Quelques mots sur Emile Cartailhac
Emile Cartailhac (1845-1921) est un archéologue spécialiste entre autres de Préhistoire. Né à Marseille mais dont la famille avait des attaches rouergates, il déménagea à Toulouse où il fit ses études au Lycée Pierre de Fermat avant de se diriger vers des études de Droit. Durant ses vacances, il effectua plusieurs fouilles archéologiques en Aveyron et commença aussi à se faire remarquer dans la sphère scientifique toulousaine malgré son jeune âge. Lorsque Edouard Filhol fonda le Muséum d’Histoire naturelle de Toulouse en 1865, Emile Cartailhac assista le naturaliste et le jeune directeur, Eugène Trutat, pour la confection de la galerie des Cavernes dans la section Anthropologie du Muséum. Cartailhac assista aussi d’autres scientifiques à l’occasion de l’Exposition universelle de Paris en 1867 où furent présentées des pièces archéologiques uniques. A seulement 22 ans, il fut désigné secrétaire adjoint de la première édition du Congrès International d’Archéologie préhistorique. Abandonnant la charge d’avocat qu’il n’exerça jamais, il devait se consacrer entièrement à ses recherches archéologiques et aux musées de Toulouse, notamment le Muséum d’Histoire naturelle de Toulouse mais aussi le Musée Saint-Raymond dont il fut l’un des fondateurs. Longtemps directeur de la revue d’anthropologie historique Matériaux pour l’histoire primitive et naturelle de l’homme, il a aussi publié de nombreux ouvrages et articles non seulement sur la préhistoire mais aussi sur ses découvertes notamment dans la péninsule ibérique. Il a parcouru l’Europe et assister à de nombreux congrès sur la Préhistoire, ainsi que participer à de nombreux débats scientifiques tout au long de sa vie. Enfin à partir de 1882, il a ouvert pour la première fois un cours d’anthropologie préhistorique à l’université des Sciences de Toulouse, enseignement qui n’existait pas auparavant dans la sphère académique. Malgré une courte suspension, Emile Cartailhac a donné ce cours et plusieurs conférences à des publics variés jusqu’à sa mort. Parmi les nombreuses distinctions qu’il a obtenues, il fut président de la Société archéologique du Midi de la France et également membre de l’Académie des Jeux Floraux. C’est au membre des Jeux Floraux que Frédéric Mistral adressa son tiré-à-part et sa dédicace.

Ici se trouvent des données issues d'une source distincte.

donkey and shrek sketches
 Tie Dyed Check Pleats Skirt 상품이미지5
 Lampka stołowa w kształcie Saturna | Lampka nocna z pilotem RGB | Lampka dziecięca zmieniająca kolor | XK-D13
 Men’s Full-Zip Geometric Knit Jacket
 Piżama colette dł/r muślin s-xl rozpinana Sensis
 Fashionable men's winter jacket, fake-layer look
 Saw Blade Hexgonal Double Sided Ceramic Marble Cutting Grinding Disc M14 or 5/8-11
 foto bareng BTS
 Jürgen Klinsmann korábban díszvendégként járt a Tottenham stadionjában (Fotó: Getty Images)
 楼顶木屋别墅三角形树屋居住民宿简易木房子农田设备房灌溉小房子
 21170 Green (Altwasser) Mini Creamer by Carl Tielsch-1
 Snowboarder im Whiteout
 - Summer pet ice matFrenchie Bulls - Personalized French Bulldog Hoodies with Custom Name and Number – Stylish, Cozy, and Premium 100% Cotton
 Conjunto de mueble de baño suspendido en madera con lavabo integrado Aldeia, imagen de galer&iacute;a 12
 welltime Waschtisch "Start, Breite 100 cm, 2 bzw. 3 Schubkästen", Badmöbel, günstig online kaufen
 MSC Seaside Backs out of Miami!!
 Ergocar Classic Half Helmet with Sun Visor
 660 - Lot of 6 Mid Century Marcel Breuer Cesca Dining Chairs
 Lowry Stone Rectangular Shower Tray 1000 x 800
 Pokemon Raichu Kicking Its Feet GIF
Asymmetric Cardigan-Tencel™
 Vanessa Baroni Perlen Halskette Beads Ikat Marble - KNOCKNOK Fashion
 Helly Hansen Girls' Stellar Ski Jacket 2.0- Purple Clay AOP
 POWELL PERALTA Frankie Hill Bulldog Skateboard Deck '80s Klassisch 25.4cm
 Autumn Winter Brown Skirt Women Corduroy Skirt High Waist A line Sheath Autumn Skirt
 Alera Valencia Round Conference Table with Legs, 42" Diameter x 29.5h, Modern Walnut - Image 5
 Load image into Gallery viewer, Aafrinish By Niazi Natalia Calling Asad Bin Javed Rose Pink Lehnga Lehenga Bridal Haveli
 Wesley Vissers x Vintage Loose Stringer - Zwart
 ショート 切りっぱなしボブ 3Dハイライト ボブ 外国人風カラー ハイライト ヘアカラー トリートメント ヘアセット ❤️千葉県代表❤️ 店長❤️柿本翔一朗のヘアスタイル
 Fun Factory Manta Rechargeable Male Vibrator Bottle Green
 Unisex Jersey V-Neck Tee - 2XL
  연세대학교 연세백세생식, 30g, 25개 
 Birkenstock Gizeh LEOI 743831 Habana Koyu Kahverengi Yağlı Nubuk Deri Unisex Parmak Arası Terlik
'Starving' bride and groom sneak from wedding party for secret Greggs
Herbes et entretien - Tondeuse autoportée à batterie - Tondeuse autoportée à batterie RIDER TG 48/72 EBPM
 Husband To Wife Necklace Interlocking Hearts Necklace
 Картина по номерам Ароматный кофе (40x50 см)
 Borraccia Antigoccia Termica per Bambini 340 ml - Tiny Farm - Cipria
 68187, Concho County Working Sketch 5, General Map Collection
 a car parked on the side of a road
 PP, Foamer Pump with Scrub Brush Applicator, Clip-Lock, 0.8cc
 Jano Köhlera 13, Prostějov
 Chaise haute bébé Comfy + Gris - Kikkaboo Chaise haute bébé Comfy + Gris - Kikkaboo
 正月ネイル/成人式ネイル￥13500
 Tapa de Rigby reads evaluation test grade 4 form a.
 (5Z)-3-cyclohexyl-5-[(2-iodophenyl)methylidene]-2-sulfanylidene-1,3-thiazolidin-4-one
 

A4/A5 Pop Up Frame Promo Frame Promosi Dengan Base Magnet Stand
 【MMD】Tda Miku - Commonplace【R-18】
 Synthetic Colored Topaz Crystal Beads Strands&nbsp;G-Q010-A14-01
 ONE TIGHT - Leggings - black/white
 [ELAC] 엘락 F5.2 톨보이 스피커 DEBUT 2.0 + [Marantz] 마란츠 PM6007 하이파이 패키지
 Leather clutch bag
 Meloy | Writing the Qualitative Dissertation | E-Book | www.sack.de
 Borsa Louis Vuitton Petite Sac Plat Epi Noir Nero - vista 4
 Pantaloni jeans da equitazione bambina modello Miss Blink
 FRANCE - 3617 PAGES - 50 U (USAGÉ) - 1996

Un document conservé par l’Association Louis Bégouën
Le document fait partie des archives de l’Association Louis Bégouën, une association qui vise à la sauvegarde et à la valorisation du site des cavernes du Volp. Situé en Ariège, ce site est constitué de plusieurs grottes qui appartiennent à l’époque paléolithique. L’histoire du site explique que Henri Begouën, père de trois enfants, avait lancé une excursion sur l’ensemble du site, intéressé qu’il était par la question de l’ancienneté de l’homme. Ce fut qui trouva la première trace d’une présence passée, mais c’est le cadet, Louis qui finira par acheter une partie du site afin de s’en assurer la propriété pleine et entière. Par la suite il fera l’acquisition des autres grottes. Louis Begouën, lui aussi préhistorien, légua ses possessions à ses quatre enfants qui, en 1989, fondent l’association sans but lucratif selon la loi de 1901. C’est Robert Begouën, le second fils qui est aujourd’hui le conservateur du site.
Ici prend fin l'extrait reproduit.